Dans l'affaire T 2170/12 relative à la contestation du caractère public de D15, un rapport établi dans le contexte d'un projet, l'opposant a produit une attestation d'un des auteurs du rapport selon lequel il n'y avait pas d'obligation de confidentialité limitant l'utilisation ou la diffusion d'informations sur ce projet. La chambre relève toutefois que D15 semblait avoir été distribué uniquement aux collaborateurs du projet (circonstance impliquant selon le titulaire le caractère confidentiel) ; il n'apparaissait pas que D15 ait été envoyé à un large public et enfin aucune preuve précise ne venait soutenir les affirmations de l'attestation. A raison du court intervalle de temps en question (moins de 4 mois), la chambre juge insuffisamment prouvée l'accessibilité au public de D15 dans cet intervalle. D15 n'est finalement pas pris en compte comme art antérieur pour l'examen de l'activité inventive.
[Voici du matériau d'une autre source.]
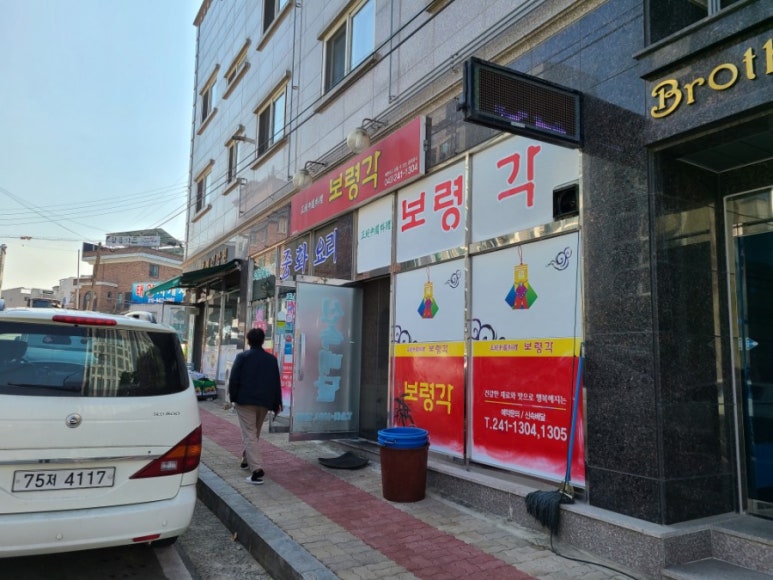 보령각 이미지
Dans l'affaire T 833/99, dans le cadre d'appels d'offre, les employés des villes étaient tenus à une obligation de confidentialité. Des manquements possibles à l'obligation de confidentialité, par exemple la communication des étapes du procédé à des réparateurs, ont aussi été mentionnés par la requérante, mais ils n'ont pas été corroborés par des faits précis, tels que les dates, les circonstances, etc. ou par des moyens de preuve. Une telle supposition ne peut donc être prise en compte, car elle ne constitue pas une preuve et il appartenait à la requérante de produire le bien-fondé des allégations. Enfin la chambre dit que l'allégation selon laquelle la confidentialité qui s'attache par principe à la procédure d'appel d'offre cesserait avec celle-ci n'est nullement démontrée en droit.
Enfin à l'inverse sur un exemple particulier d'absence d'obligation de confidentialité implicite, dans l'affaire T 1798/14, l'usage antérieur public allégué concernait la visite de Monsieur K dans l'usine d'une entreprise. Le fait que Monsieur K fut soumis à une obligation de confidentialité était contesté. Dans son attestation, Monsieur K avait nié à plusieurs reprises l'existence d'une obligation de confidentialité. L'intimé (titulaire du brevet) a fait valoir qu'une telle obligation de confidentialité aurait pu exister sans que Monsieur K en ait eu connaissance. Selon la chambre, la non-existence d'un fait, ici une obligation, ne peut généralement pas être prouvée de manière positive. La non-existence d'une obligation peut néanmoins être démontrée par le fait que ceux qui auraient dû en être informés n'en savaient rien. L'objet des relations d'affaire entre M. K et l'entreprise en question portait sur un domaine technique sans lien avec ladite visite sur site. La chambre a conclu qu'il n'existait aucune obligation de confidentialité implicite.